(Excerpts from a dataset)
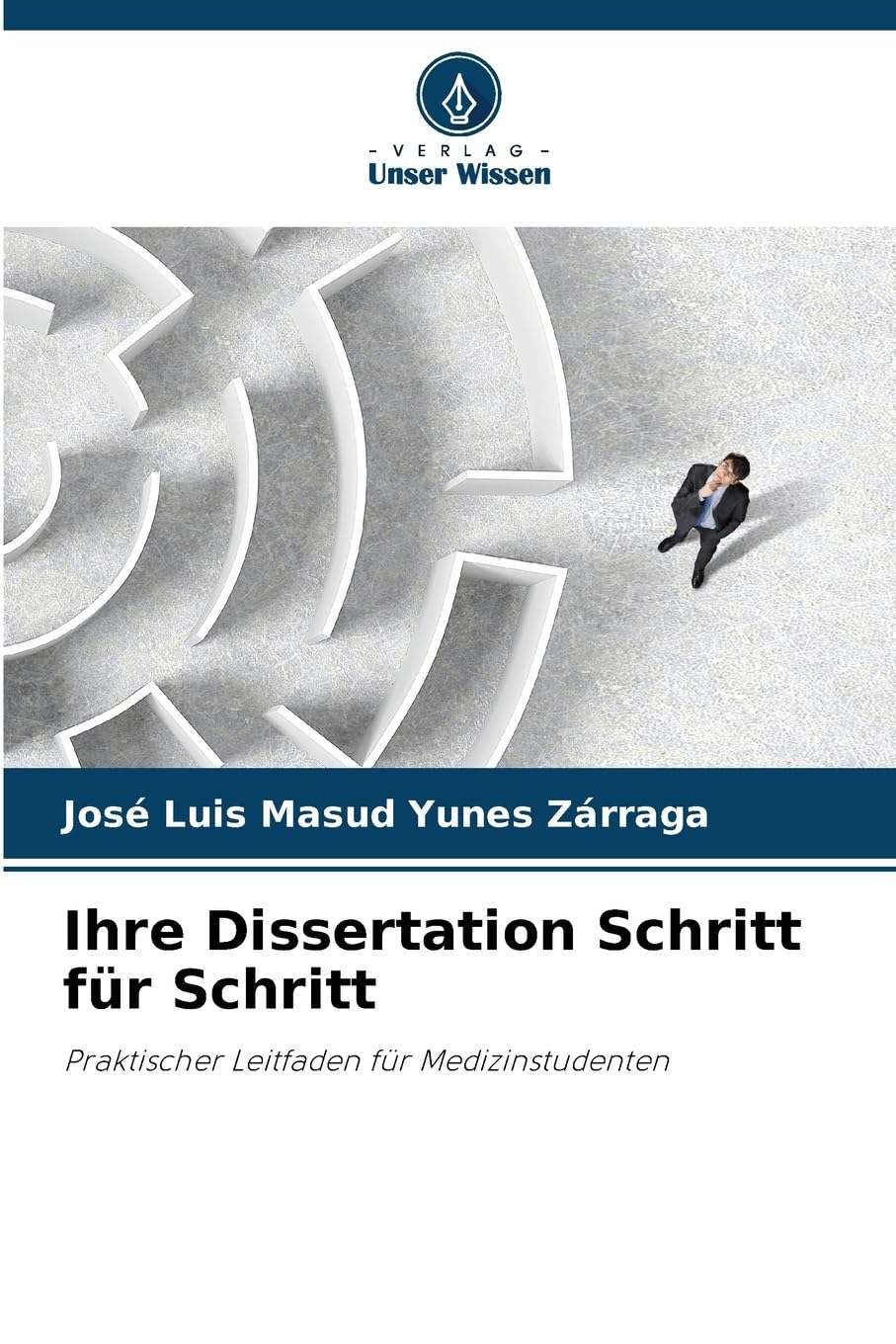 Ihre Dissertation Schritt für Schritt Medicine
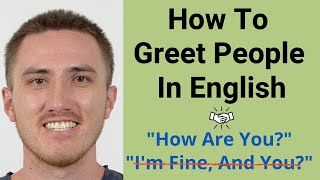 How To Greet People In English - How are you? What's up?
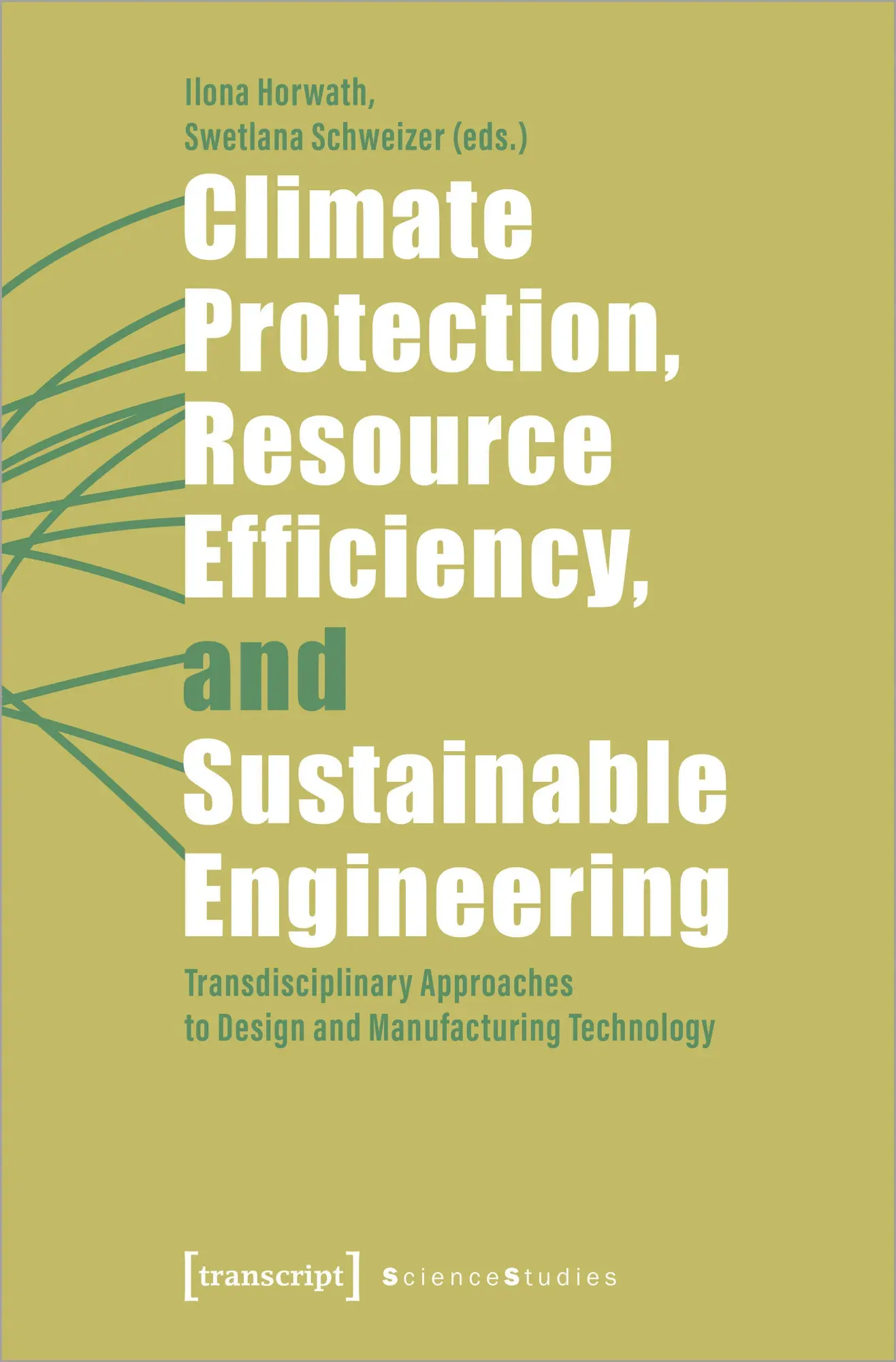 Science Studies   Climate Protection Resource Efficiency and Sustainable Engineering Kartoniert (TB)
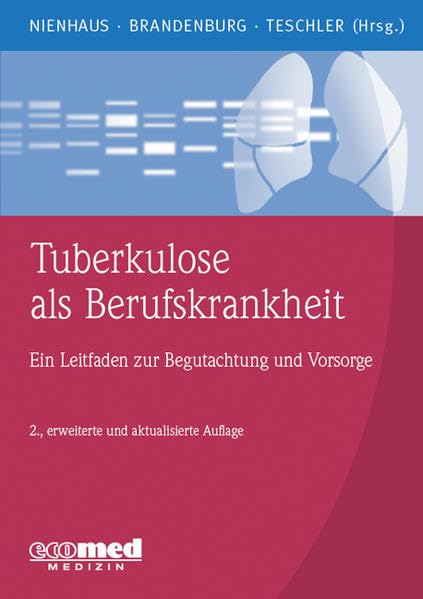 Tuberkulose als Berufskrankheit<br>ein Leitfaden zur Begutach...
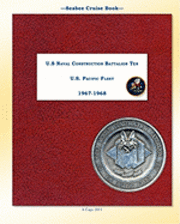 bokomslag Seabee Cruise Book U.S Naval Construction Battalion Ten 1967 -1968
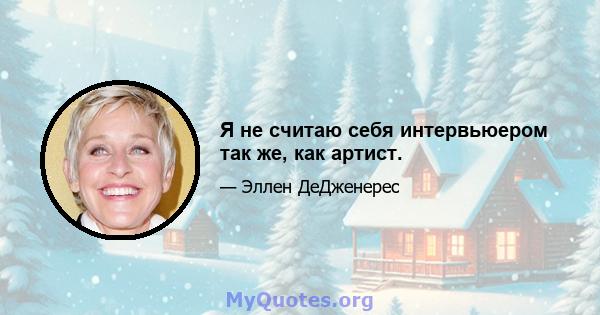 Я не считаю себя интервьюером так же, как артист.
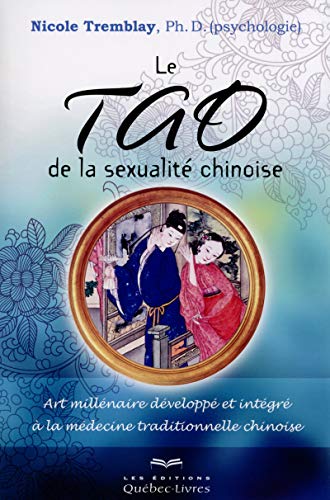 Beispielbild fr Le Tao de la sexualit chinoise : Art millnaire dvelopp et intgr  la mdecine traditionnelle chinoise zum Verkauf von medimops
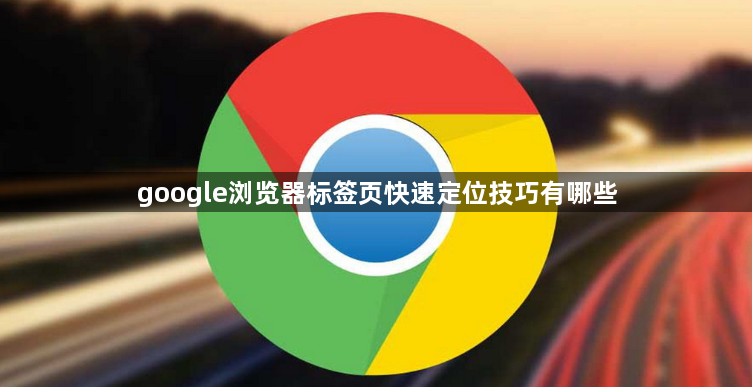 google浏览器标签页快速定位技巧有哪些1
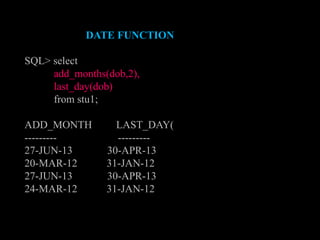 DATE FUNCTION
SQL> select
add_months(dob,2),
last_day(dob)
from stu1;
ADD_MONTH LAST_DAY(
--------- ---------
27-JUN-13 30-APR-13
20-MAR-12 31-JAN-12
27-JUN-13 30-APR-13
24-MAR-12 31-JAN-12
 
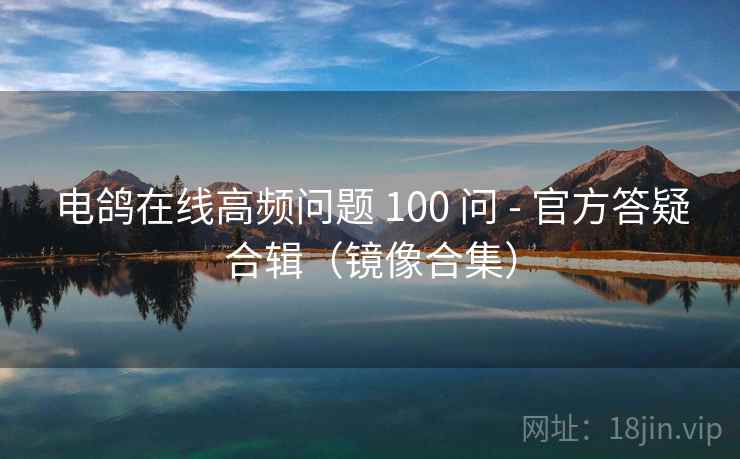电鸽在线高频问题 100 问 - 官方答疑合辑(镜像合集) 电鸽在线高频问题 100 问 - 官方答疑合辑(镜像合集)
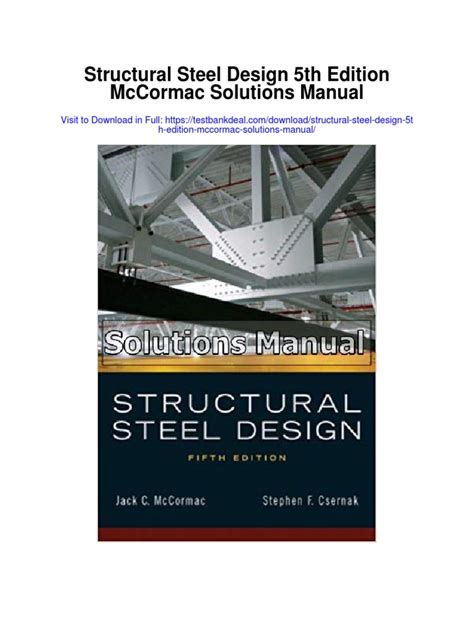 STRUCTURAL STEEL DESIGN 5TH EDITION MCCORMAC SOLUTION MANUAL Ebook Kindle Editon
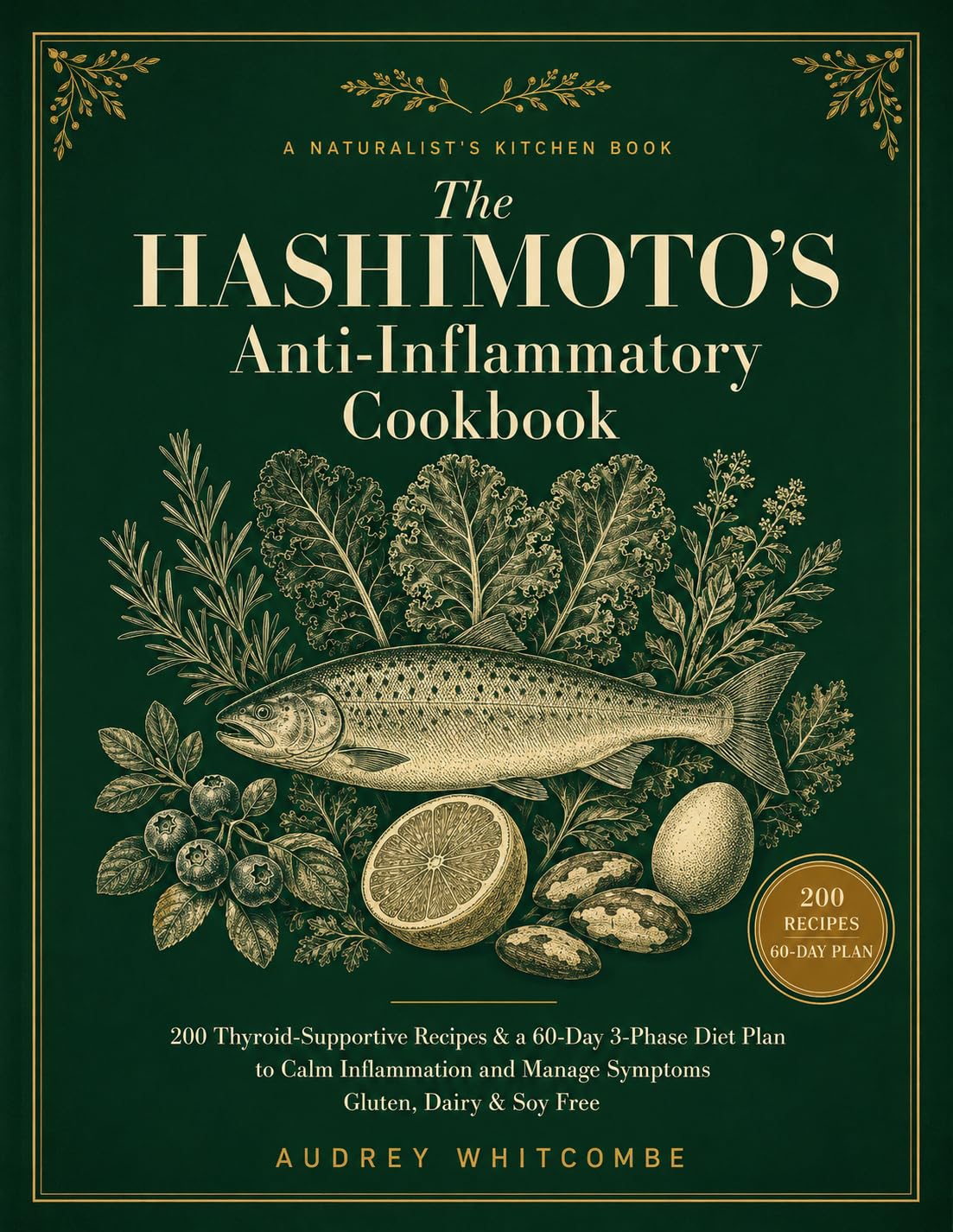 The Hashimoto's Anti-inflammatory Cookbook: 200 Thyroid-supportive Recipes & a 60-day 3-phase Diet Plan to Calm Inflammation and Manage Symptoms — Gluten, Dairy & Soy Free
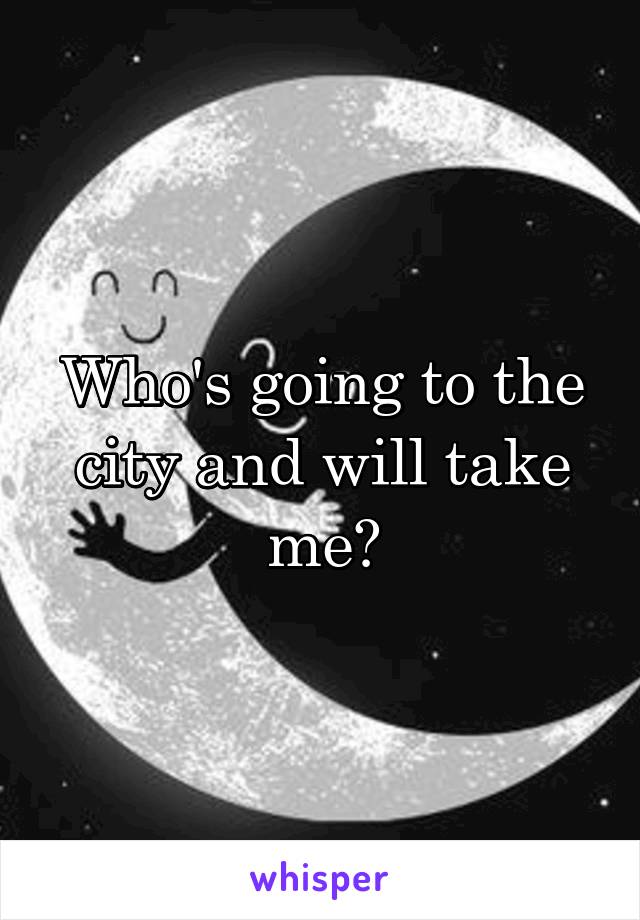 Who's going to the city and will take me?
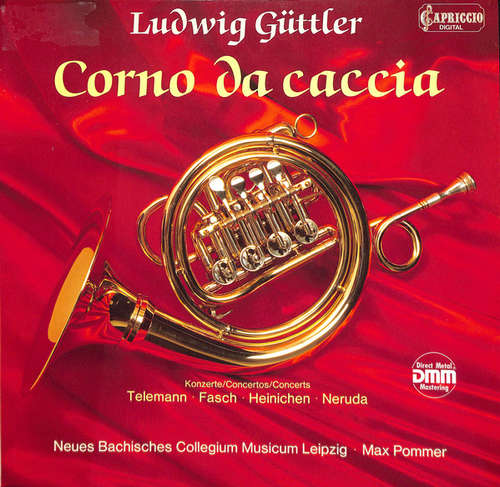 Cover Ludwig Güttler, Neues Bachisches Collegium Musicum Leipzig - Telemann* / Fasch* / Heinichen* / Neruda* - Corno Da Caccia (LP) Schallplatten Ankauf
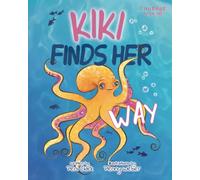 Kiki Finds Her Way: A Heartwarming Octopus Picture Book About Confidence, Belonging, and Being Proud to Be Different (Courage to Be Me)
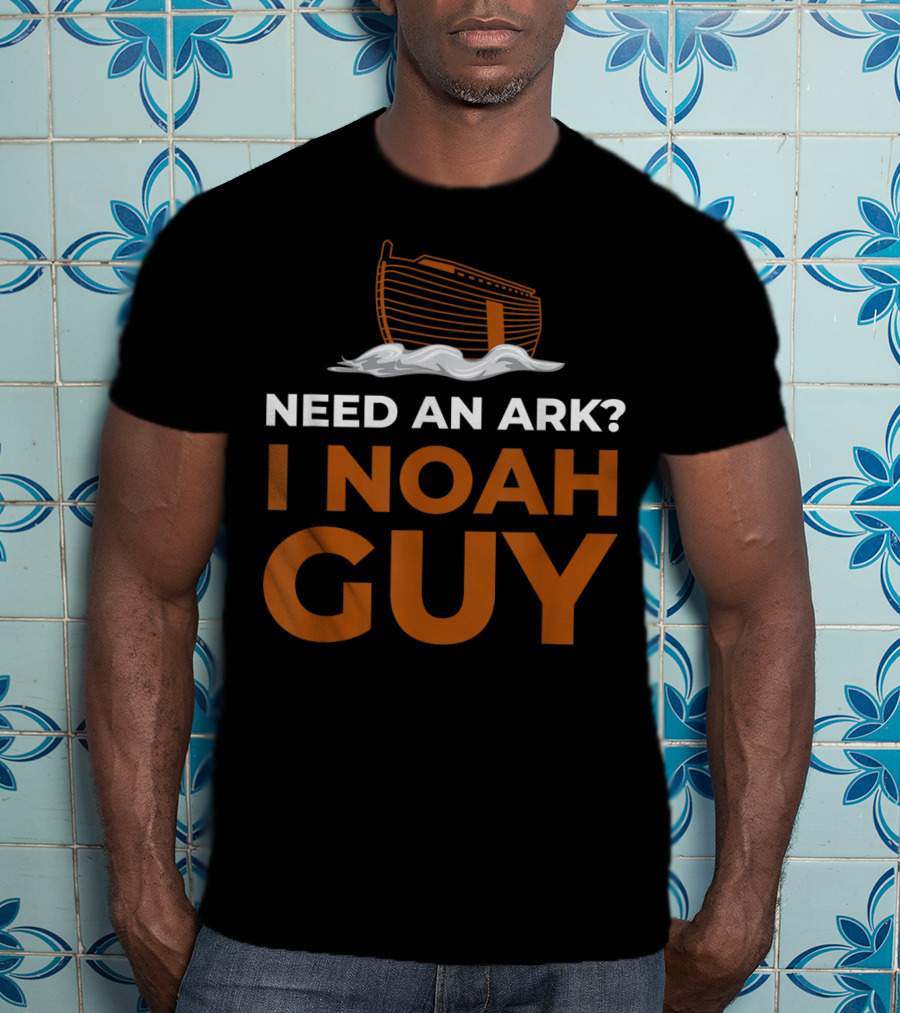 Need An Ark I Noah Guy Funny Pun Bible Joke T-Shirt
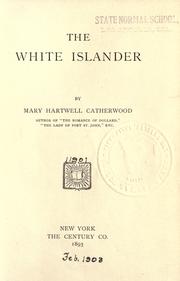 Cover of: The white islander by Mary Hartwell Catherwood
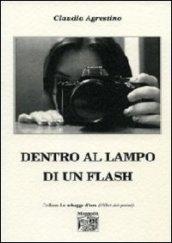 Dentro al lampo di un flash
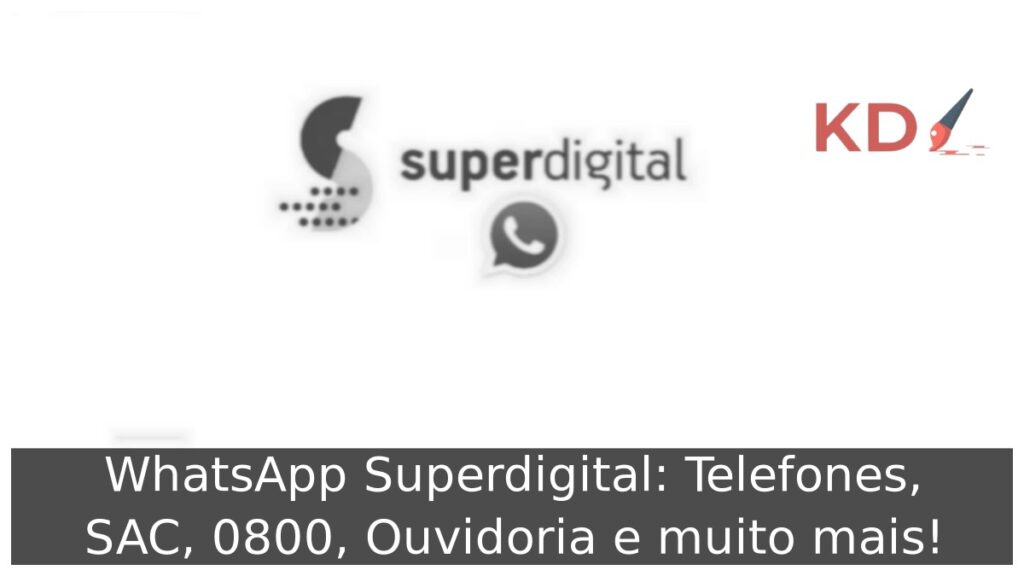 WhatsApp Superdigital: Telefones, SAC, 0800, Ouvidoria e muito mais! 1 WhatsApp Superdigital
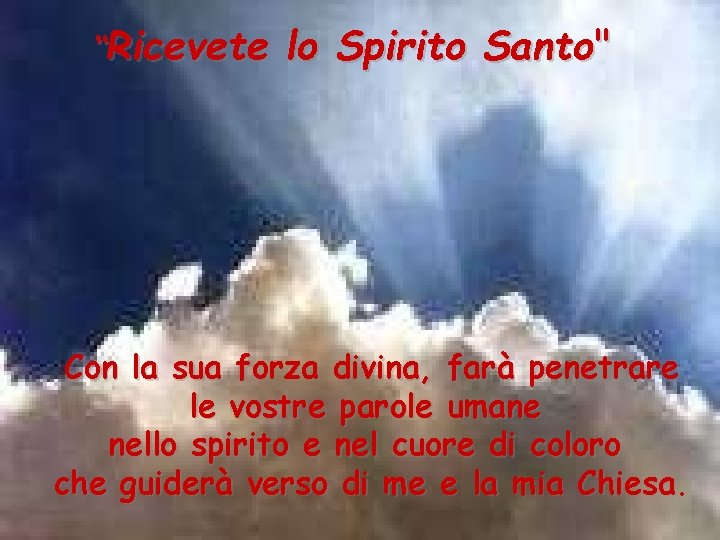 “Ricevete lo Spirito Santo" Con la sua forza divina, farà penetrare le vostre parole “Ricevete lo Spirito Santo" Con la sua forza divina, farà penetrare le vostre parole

• **YOUR TASK**: Go through the records above and write out every line exactly, passing over the pictures.

• **ANSWER BOX**:
 Ihre Dissertation Schritt für Schritt Medicine
 How To Greet People In English - How are you? What's up?
 Science Studies   Climate Protection Resource Efficiency and Sustainable Engineering Kartoniert (TB)
 Tuberkulose als Berufskrankheit<br>ein Leitfaden zur Begutach...
 bokomslag Seabee Cruise Book U.S Naval Construction Battalion Ten 1967 -1968
 Я не считаю себя интервьюером так же, как артист.
 Beispielbild fr Le Tao de la sexualit chinoise : Art millnaire dvelopp et intgr  la mdecine traditionnelle chinoise zum Verkauf von medimops
 google浏览器标签页快速定位技巧有哪些1
 DATE FUNCTION
SQL> select
add_months(dob,2),
last_day(dob)
from stu1;
ADD_MONTH LAST_DAY(
--------- ---------
27-JUN-13 30-APR-13
20-MAR-12 31-JAN-12
27-JUN-13 30-APR-13
24-MAR-12 31-JAN-12
 
电鸽在线高频问题 100 问 - 官方答疑合辑(镜像合集) 电鸽在线高频问题 100 问 - 官方答疑合辑(镜像合集)
 STRUCTURAL STEEL DESIGN 5TH EDITION MCCORMAC SOLUTION MANUAL Ebook Kindle Editon
 The Hashimoto's Anti-inflammatory Cookbook: 200 Thyroid-supportive Recipes & a 60-day 3-phase Diet Plan to Calm Inflammation and Manage Symptoms — Gluten, Dairy & Soy Free
 Who's going to the city and will take me?
 Cover Ludwig Güttler, Neues Bachisches Collegium Musicum Leipzig - Telemann* / Fasch* / Heinichen* / Neruda* - Corno Da Caccia (LP) Schallplatten Ankauf
 Kiki Finds Her Way: A Heartwarming Octopus Picture Book About Confidence, Belonging, and Being Proud to Be Different (Courage to Be Me)
 Need An Ark I Noah Guy Funny Pun Bible Joke T-Shirt
 Cover of: The white islander by Mary Hartwell Catherwood
 Dentro al lampo di un flash
 WhatsApp Superdigital: Telefones, SAC, 0800, Ouvidoria e muito mais! 1 WhatsApp Superdigital
 “Ricevete lo Spirito Santo" Con la sua forza divina, farà penetrare le vostre parole “Ricevete lo Spirito Santo" Con la sua forza divina, farà penetrare le vostre parole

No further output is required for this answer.